The Truth Unveiled
You are illegitimate; it was a word hurled like a dagger piercing my heart, its intention to wound and wound deeply. I was about nine or ten and I was not completely sure what the word meant but the inflection of his voice told me that what came out of my older brother’s mouth was not nice. I read constantly and it did not sound like a word he would know but would have heard from someone else. As children, we had a tenuous relationship at best. It appeared to me that he was not and had never been happy having a sister. I was two years younger than he was and my perception of my big brother was that of a spoiled child used to getting his way at my expense. He had whining and playing helpless because of his asthma down to a science and could generally wheedle his way out of chores. His undone work meant more for me to do and nothing I did or said could convince our mom that he was faking. His one goal in life was to make my life as miserable as a big brother could and in that, he excelled.
As soon as my momma got home, I was going to ask her what the word meant. Before she could cross the threshold of the front door, I pounced on her about the word my brother casually flung at me. I did not initially tell her where I heard the word; I just wanted to hear from her what it meant. I needed confirmation that it was not as awful as it had sounded uttered from my brother’s lips. Tired from a hard day at a job that most likely did not begin to pay the bills; she wearily explained the word meant that someone’s parents were not married when they were born. Poised with this information, I asked her if I was illegitimate and watched the pained look in her eyes she was not quick enough to hide. You are not she said; you are mine and I love you. The words from her mouth said one thing, but the look upon her face confirmed for me that the hateful words of my brother were true; I was illegitimate and he was not. My mother had been married to his father but not to mine. Now I understood the cockiness in his voice, the air of somehow being better than I was after all. He was two years older than I was but I was always taller, probably because he had grown up sickly; I made good grades; he did just enough to get by. The day he uttered that word to me put him on top in his mind and in my mind in a way that counted more than anything else did. He knew who his father was and although he died before my brother was born, he had many aunts and uncles along with his grand parents to tell him about his father. I was lacking in all of those areas and that day proved to be a day of reckoning for us both.
Using the process of elimination, and the fact that my brother and I had been home alone all day, she was able to deduce that he was the source of my hurt feelings. She had a conversation with him, only a portion of which I was able to hear.

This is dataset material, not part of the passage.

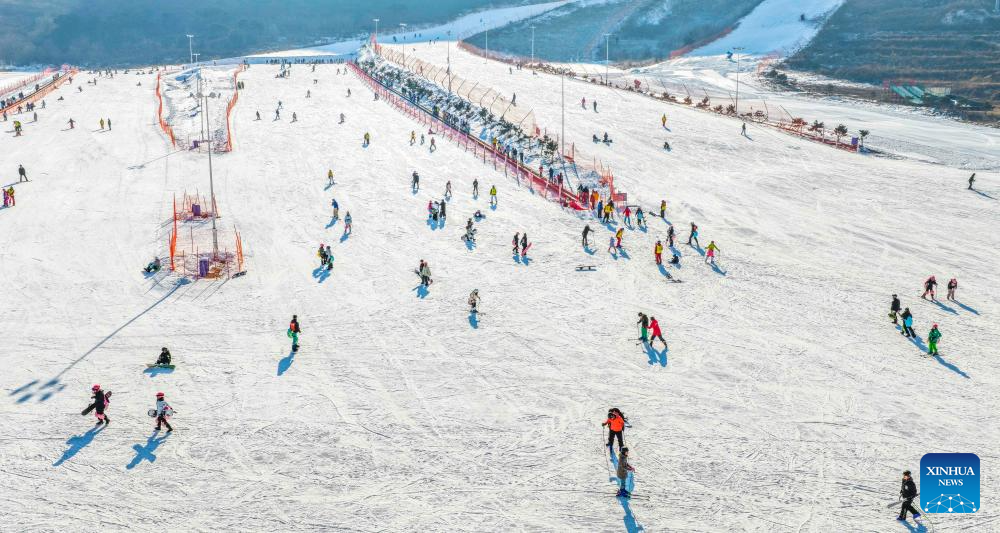 This aerial drone photo taken on Dec. 28, 2025 shows people skiing at a ski resort in Yutian County of north China's Hebei Province. (Photo by Liu Mancang/Xinhua)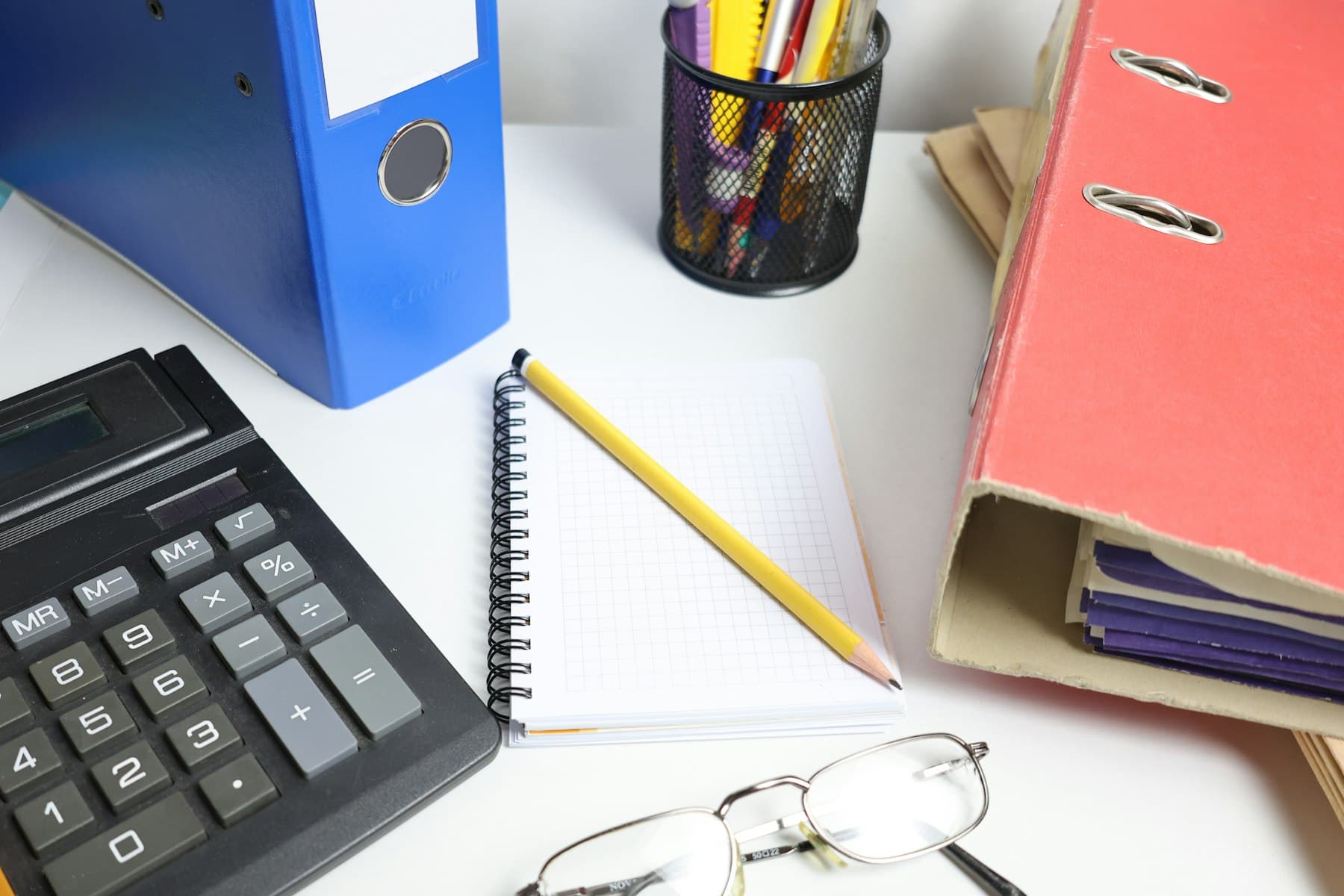 Escritorio de trabajo contable con calculadora, carpetas y cuaderno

His account was that he had overheard the words spoken by a member of his paternal family. I looked up the word in the worn dictionary that we owned and discovered that illegitimate also meant the same as a bastard. A feeling of deep shame spread over me from the ends of the hairs on my head down to the toes on my bare feet. It was a feeling that permeated me body and soul, one that never quite went away after that day. I felt branded, marked and different from everyone else. In my child’s mind, anyone looking instantly knew the truth about me. I recall from that moment in my life and forward, the color literally seemed to drain out of my childhood and my life. It was that day that I became acutely aware of not having a father in my life and no aunts and uncles or cousins to tell me about him like my brother had.